+++ Input material

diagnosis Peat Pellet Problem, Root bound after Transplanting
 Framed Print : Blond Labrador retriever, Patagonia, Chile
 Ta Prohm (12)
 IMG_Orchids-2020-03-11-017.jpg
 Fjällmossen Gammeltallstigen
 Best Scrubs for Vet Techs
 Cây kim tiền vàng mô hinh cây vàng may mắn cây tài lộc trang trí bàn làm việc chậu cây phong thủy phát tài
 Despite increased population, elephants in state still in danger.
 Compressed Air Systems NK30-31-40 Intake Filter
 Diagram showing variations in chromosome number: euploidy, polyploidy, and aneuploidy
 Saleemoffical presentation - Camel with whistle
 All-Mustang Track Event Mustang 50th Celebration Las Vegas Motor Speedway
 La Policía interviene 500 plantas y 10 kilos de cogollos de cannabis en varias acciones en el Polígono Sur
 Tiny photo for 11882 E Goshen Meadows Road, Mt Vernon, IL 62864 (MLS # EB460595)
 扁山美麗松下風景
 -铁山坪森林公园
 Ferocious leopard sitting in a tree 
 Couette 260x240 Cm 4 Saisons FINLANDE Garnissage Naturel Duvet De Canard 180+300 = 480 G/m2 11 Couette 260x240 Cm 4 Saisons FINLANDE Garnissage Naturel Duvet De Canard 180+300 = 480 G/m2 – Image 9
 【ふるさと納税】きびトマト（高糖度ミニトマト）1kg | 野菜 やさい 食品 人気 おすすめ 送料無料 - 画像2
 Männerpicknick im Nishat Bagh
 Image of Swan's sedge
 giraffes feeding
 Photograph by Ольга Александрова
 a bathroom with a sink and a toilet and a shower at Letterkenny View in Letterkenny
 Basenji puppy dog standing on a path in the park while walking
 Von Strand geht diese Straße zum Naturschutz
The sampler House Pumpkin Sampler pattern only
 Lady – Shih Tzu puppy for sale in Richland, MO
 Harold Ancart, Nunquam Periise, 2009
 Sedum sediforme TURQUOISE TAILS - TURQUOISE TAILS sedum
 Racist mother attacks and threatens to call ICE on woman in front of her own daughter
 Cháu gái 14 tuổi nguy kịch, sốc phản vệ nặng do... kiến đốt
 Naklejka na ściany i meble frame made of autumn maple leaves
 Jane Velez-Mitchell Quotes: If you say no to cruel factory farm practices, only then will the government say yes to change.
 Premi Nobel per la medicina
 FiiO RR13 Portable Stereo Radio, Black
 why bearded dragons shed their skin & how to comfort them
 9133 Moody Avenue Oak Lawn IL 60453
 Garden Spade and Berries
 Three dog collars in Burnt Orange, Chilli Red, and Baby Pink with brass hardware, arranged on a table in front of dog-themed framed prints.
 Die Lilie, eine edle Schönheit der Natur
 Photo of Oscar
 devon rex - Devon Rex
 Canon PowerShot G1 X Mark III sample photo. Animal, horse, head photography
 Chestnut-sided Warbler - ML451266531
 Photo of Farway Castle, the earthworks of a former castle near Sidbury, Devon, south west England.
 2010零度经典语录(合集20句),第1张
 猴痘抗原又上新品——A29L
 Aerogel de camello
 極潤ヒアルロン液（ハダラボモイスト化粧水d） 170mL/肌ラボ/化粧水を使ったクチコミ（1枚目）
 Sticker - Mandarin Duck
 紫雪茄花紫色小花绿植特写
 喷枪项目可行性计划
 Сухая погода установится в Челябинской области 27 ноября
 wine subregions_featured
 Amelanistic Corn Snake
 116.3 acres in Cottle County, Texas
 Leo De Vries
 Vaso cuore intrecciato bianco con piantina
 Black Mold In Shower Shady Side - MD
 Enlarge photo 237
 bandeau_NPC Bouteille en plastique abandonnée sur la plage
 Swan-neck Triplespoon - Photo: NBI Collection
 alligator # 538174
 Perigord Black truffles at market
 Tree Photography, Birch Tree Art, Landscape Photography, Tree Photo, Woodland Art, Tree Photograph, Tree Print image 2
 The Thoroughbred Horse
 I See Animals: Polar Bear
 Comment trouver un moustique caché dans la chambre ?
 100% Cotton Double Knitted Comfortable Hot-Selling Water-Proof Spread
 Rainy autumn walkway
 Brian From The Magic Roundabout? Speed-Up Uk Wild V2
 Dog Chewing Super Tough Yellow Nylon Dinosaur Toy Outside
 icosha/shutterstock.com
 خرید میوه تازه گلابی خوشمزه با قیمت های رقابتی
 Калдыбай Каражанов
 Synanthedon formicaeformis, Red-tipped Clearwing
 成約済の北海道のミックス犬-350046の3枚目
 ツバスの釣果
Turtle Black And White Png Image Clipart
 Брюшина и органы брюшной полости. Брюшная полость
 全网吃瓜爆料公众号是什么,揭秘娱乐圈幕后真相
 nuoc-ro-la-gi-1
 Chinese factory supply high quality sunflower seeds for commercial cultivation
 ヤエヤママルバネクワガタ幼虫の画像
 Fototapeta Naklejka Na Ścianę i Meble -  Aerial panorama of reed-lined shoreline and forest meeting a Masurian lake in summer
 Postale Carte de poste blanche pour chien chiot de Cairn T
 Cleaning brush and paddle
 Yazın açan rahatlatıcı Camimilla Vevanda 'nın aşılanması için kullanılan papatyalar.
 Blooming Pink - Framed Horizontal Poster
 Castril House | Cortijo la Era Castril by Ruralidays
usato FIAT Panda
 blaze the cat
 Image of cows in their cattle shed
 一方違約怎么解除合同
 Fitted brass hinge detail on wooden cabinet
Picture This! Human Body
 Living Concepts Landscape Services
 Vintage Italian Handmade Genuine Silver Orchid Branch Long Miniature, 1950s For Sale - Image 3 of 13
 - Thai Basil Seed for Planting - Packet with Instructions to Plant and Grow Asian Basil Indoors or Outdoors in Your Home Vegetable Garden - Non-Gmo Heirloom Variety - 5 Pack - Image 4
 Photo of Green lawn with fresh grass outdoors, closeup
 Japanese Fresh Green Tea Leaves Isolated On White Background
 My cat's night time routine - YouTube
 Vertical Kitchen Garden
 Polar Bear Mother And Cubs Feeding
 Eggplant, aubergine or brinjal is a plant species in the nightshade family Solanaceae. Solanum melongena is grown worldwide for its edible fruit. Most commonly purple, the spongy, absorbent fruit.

++++++

[Requirement] The string "Pink" marks the lines to return from the material. Copy each one.

[Answer to the problem]
 Three dog collars in Burnt Orange, Chilli Red, and Baby Pink with brass hardware, arranged on a table in front of dog-themed framed prints.
 Blooming Pink - Framed Horizontal Poster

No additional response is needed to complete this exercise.